Мартини – это была идея Марри. Хорошая, хотя и ничем невыдающаяся идея, поскольку выпивка летним вечером в компании с тем, кто тебе симпатичен, и разговор с человеком, подобным Марри, ведут к одному и тому же: заставляют тебя вспомнить о радостях общения. Мне многие бывали симпатичны, на жизненном пути я не был таким уж равнодушным прохожим, общения не бежал…
Но рассказ все же об Айре. Почему жизнь не сложилась у него.
– Он всегда хотел мальчика, – продолжал Марри. – Страсть как хотел назвать его в честь своего друга. Джонни О'Дей Рингольд. У нас-то с Дорис была Лорейн, дочь, но и ей, когда он оставался ночевать у нас на кушетке, удавалось поднять ему настроение.

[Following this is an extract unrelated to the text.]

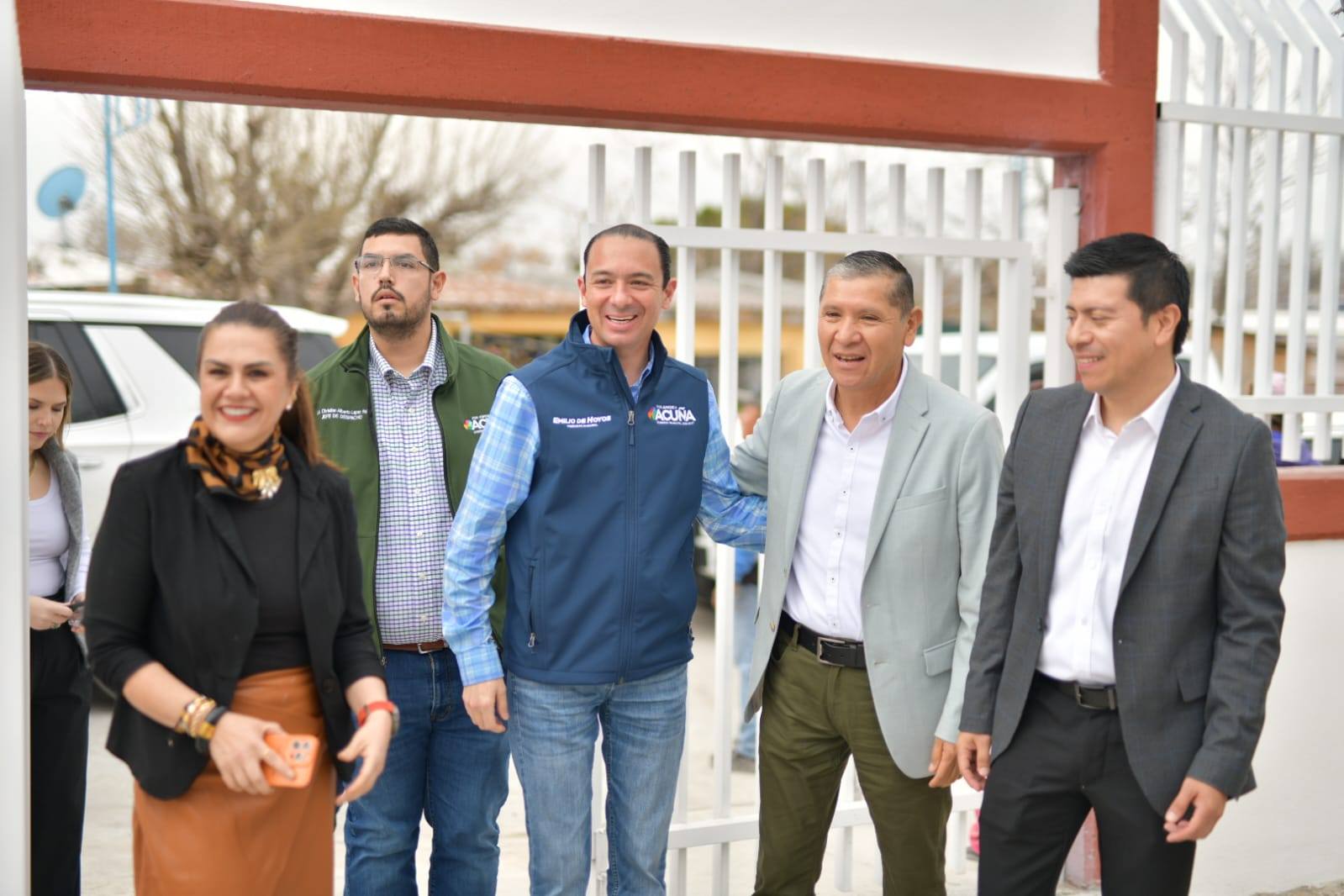 MÁS SEGURIDAD PARA FUTUROS MAESTROS: GOBIERNO MUNICIPAL ENTREGA OBRA PERIMETRAL EN LA NORMAL EXPERIMENTAL DE ACUÑA
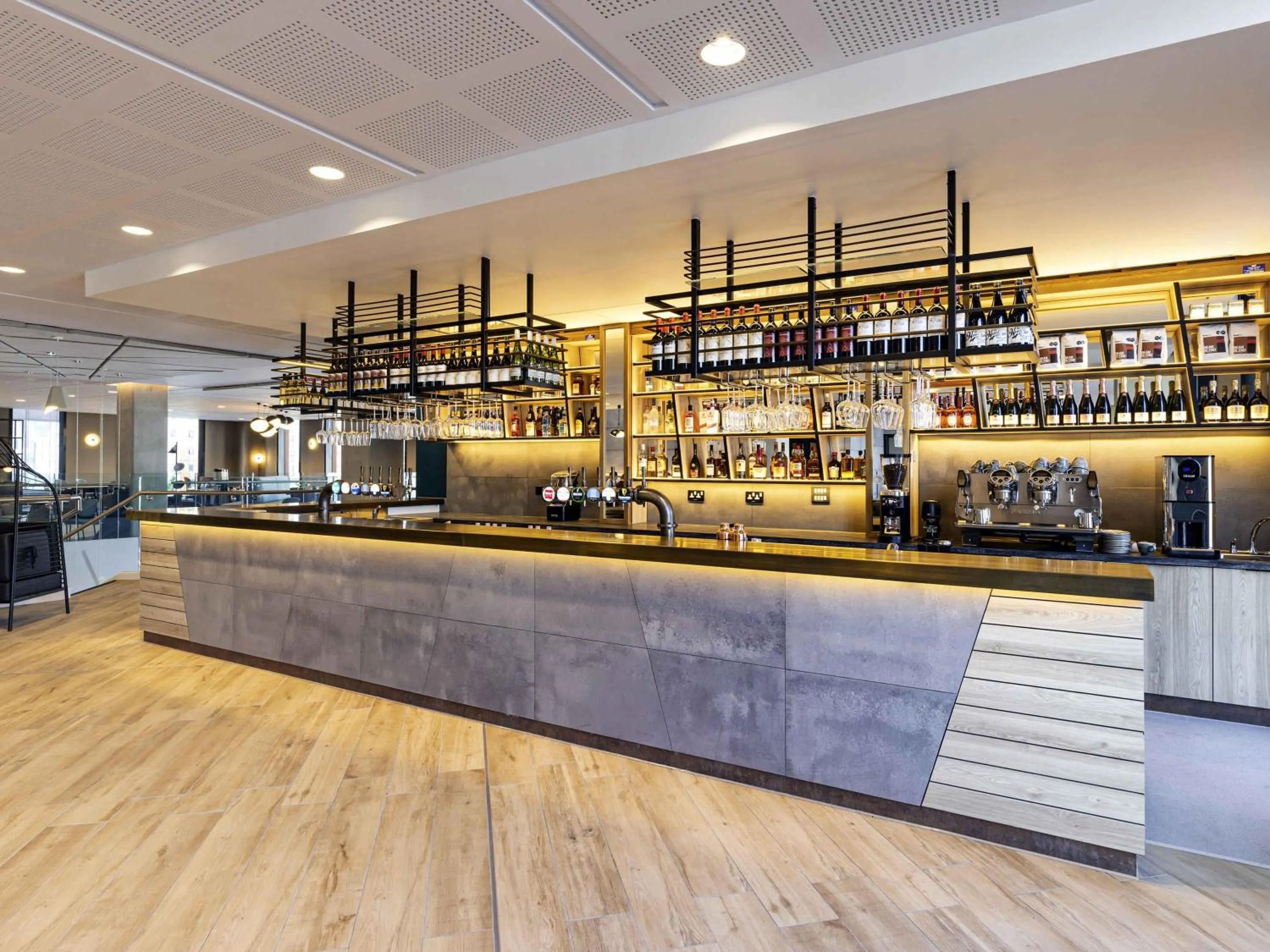 Property building in Novotel Liverpool Paddington Village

Лорейн нравилось смотреть, как Айра спит. Встанет этак в дверном проеме и смотрит, как там спит дядя Лемюэль Гулливер. Он очень привязался к маленькой девочке с черненькой челкой. А она к нему. Когда он приходил к нам, она заставляла его играть с ее русскими матрешками. Он ей сам их и подарил на день рождения. Знаешь, такая деревянная кукла из двух половинок, женщина в русском народном костюме и платочке, ее разнимаешь, а внутри еще одна такая же, и так, пока не доберешься до фигурки размером с горошину. Вместе они придумывали всякие истории про каждую из этих кукол и про то, как тяжко эти маленькие люди трудятся в России. Потом он возьмет, схватит куклу, стиснет ее в огромной своей ладони, и она исчезает – ее даже не видно. Как обхватит – а у него еще и каждый палец как лопата! Вообще пальцы у него были необычайной длины – такие, что позавидовал бы Паганини. Лорейн это представление обожала, а главной ее «матрешкой» был сам ее диковинный дядюшка.